An exact copy of all the data is required, with pictures left out.

DATA PROVIDED »
╔══

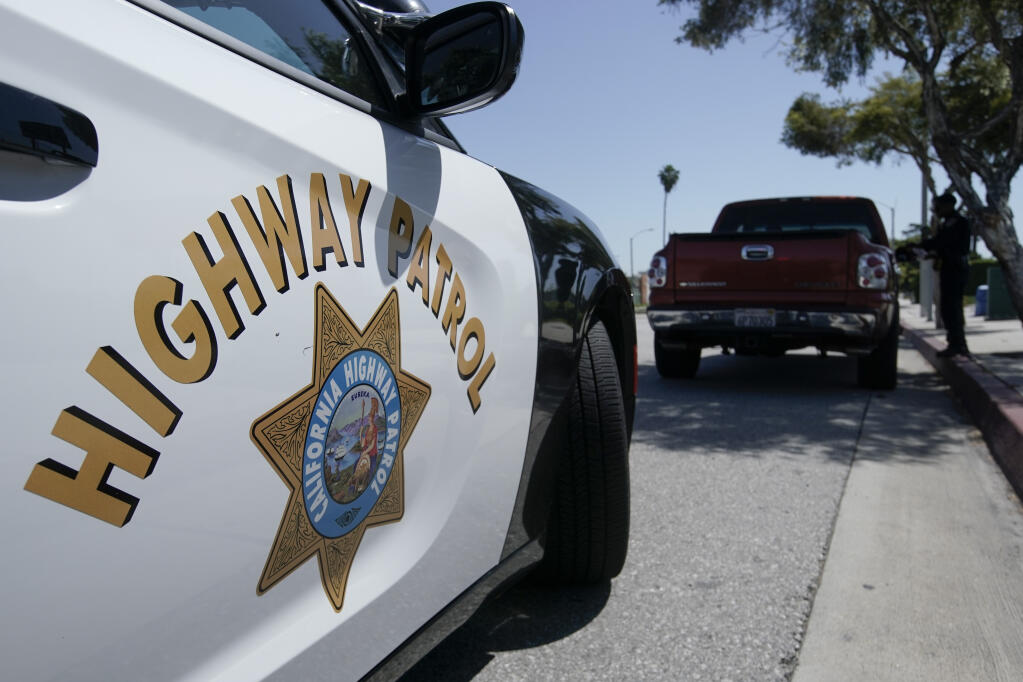 California Highway Patrol responded to a bicycle-car collision June 15 on Verano Avenue. (AP Photo/Chris Carlson)
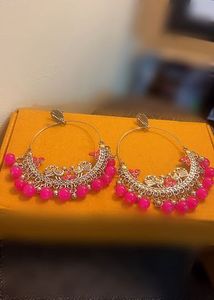 Stunning Pink Beaded Hoop Earrings
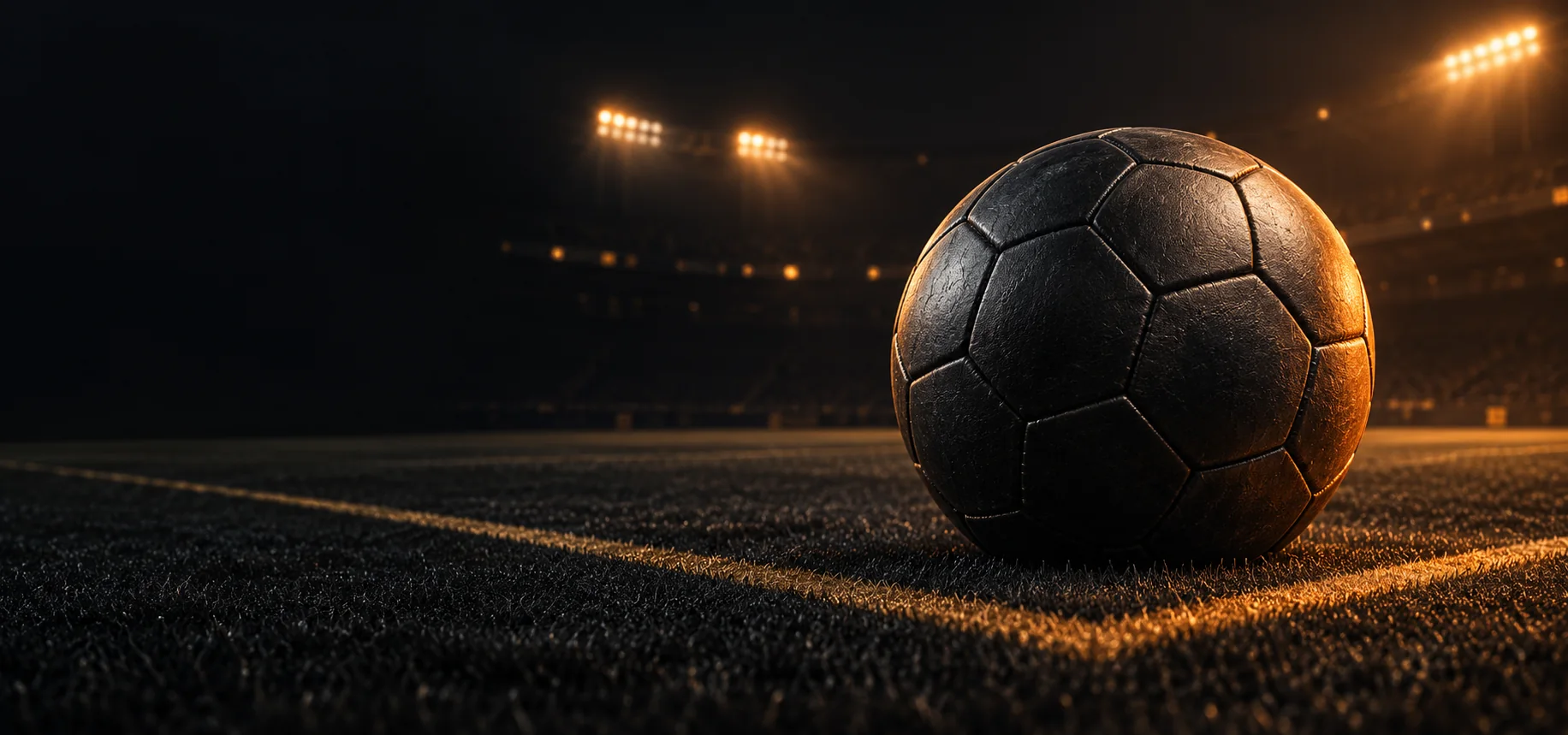 Football illuminated by warm stadium lights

╚══

OUTPUT OF THE EXERCISE »
 California Highway Patrol responded to a bicycle-car collision June 15 on Verano Avenue. (AP Photo/Chris Carlson)
 Stunning Pink Beaded Hoop Earrings
 Football illuminated by warm stadium lights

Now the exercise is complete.